– Nauka na naszym uniwersytecie ukierunkowana jest zarówno na wiedzę praktyczną, jak i przygotowanie teoretyczno-systemowe absolwentów. Tak, by po opuszczeniu murów uczelni umieli odnaleźć się w gąszczu zmieniających się przepisów – wskazuje.
Młoda kadra
Drugie miejsce w zestawieniu – podobnie jak w roku ubiegłym – zajął WPiA Uniwersytetu Warszawskiego (tracąc zaledwie mniej niż 1 punkt do UJ). Trzecie – Uniwersytet Śląski – zajmując tym samym pozycję, na której w zeszłym roku uplasował się Uniwersytet Wrocławski.

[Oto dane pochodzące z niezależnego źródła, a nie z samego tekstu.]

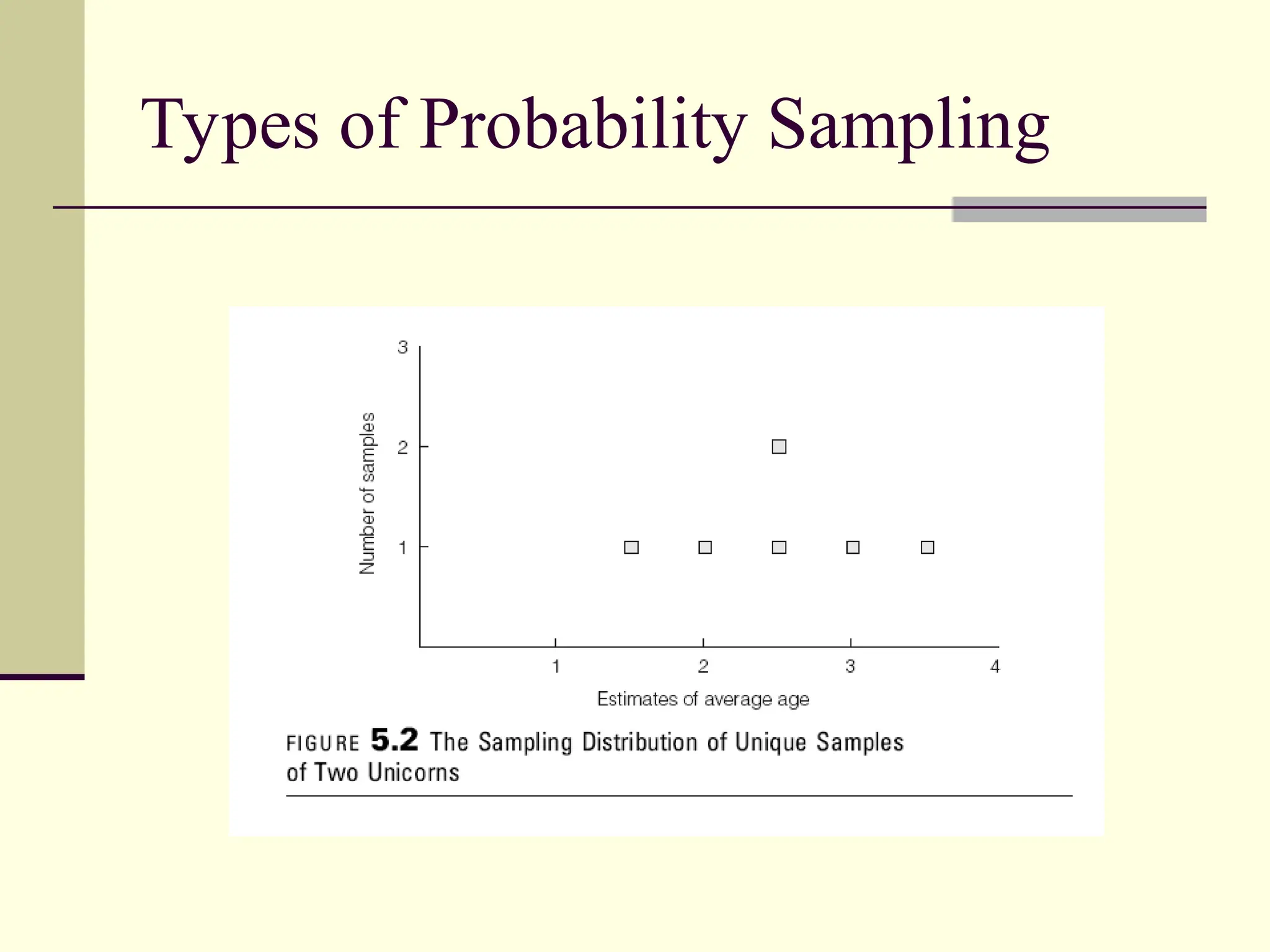 Types of Probability Sampling
 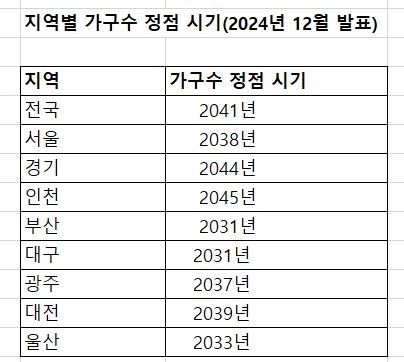 자료 : 통계청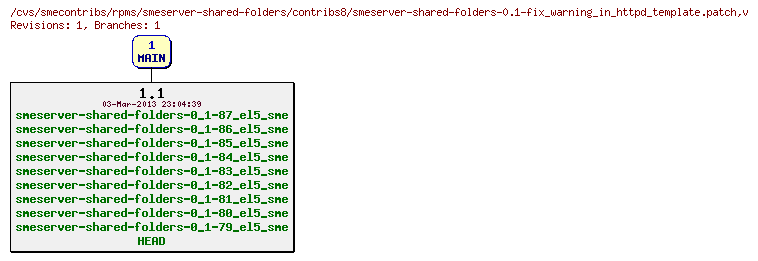 Revisions of rpms/smeserver-shared-folders/contribs8/smeserver-shared-folders-0.1-fix_warning_in_httpd_template.patch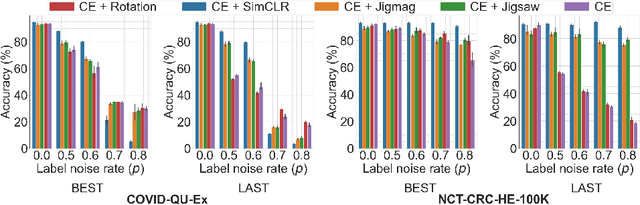 Figure 4 for Improving Medical Image Classification in Noisy Labels Using Only Self-supervised Pretraining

– Jaka jest recepta na awans? Po prostu się staramy. Odmłodziliśmy kadrę naukową. Kilka dni temu wszczęliśmy sześć nowych przewodów profesorskich. Prowadzimy szkołę prawa amerykańskiego oraz prawa chińskiego. Uczy się u nas coraz więcej obcokrajowców. Dynamicznie rozwijamy współpracę międzynarodową. To wszystko składa się na pozycję w rankingu – wskazuje prof. dr hab. Czesław Martysz, dziekan Wydziału Prawa i Administracji Uniwersytetu Śląskiego.
W rankingu uczelnie były oceniane w trzech kategoriach. Brano pod uwagę potencjał naukowy, jakość kształcenia oraz współpracę z zagranicą.
Trudna decyzja
Jeśli chodzi o uczelnie niepubliczne, tutaj również doszło do przetasowania na podium. Wciąż jednak trzy pierwsze miejsca przypadły tym samym ośrodkom. I tak pierwsze miejsce zajął SWPS Uniwersytet Humanistycznospołeczny w Warszawie (podobnie jak w roku 2018). – Wynik pokazuje, że działania, które podjęliśmy cztery lata temu – kiedy stary program studiów trafił do kosza, na rzecz powstania Szkoły Prawa – przynoszą wymierne skutki – wskazuje profesor Dariusz Jagiełło, prodziekan ds. nauki na Wydziale Prawa SWPS Uniwersytetu Humanistycznospołecznego.
Naukowiec nie ukrywa przy tym, że na SWPS zaczęto przykładać większą wagę do rozwiązywaniu testów, co jest umiejętnością potrzebną wszystkim, którzy startują na aplikacje prawnicze.